Another simple idea would be to place obstacles in its way, like a tower of blocks, and have it knock them over. Options are endless…imagination is the key…and the game!
I’ve seen people attach markers to the robot to have it draw, or people that have placed a large plastic cup over it, with a face drawn on it, so it looks like the cup is moving, and other fun ideas.
You can also order accessories like ramps, and add-ons like this Lego car.
For those that can code, there are a variety of ways to code the SPRK+ from the most simple (drawing a path on the app that the robot will follow) to the hardest (writing actual code). Drawing a path in the app is great practice for fine motor skills, and cognitive perceptual skills, such as learning about shapes. The inherent playfulness that comes with this ball is very motivating to users and encourages playing with others and communication. It is important to note, that though we are talking about programming a robot, it can be used with people with a variety of functional abilities, which is a big advantage. AS it does require a level of accuracy and regulation, individuals with motor difficulties may find it difficult to use.

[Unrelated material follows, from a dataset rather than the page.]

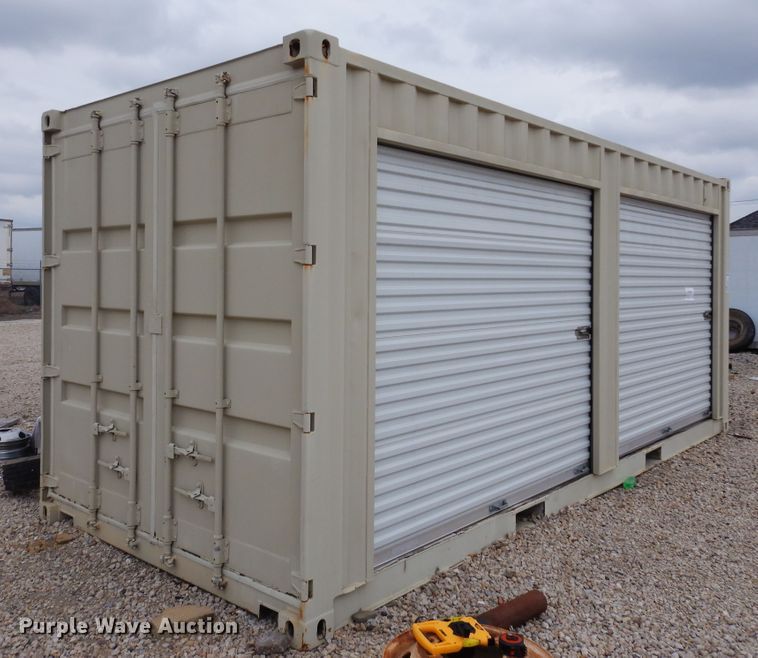 image for item DK0290 Storage container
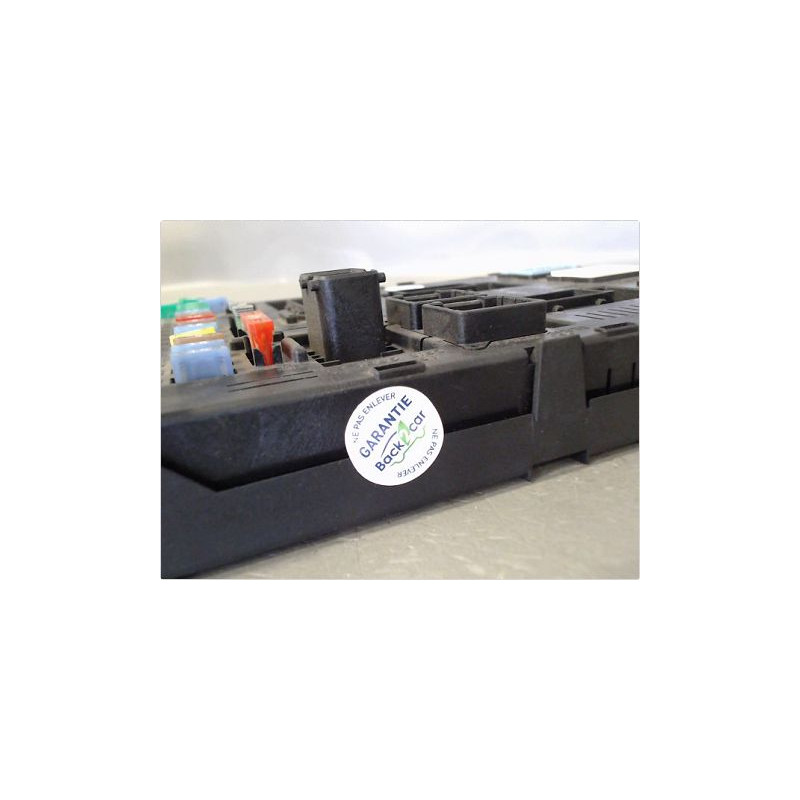 BOITIER GESTION HABITACLE CITROEN C4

I was recently at a workshop led by WeDiggit, at Levinsky College, where I tried the SPRK+ and I really enjoyed it (highly important 😊). During the workshop, we saw the robot being used with groups from two different institutions and I am happy to share their ideas with you (with their permission, of course):
- Anat Goldshtien, Technology Coordinator, On School, Tel Aviv (a school for children with cerebral palsy, complex disabilities, and mild intellectual disability) presented a wonderful activity where the students try out basic coding for the robot. Many skills can be used when working/playing with this robot, including writing graphic code, in which the students use spacial skills to plan a path, incorporating concepts such as direction and angles. While planning code, the students also learn logic and problem solving skills.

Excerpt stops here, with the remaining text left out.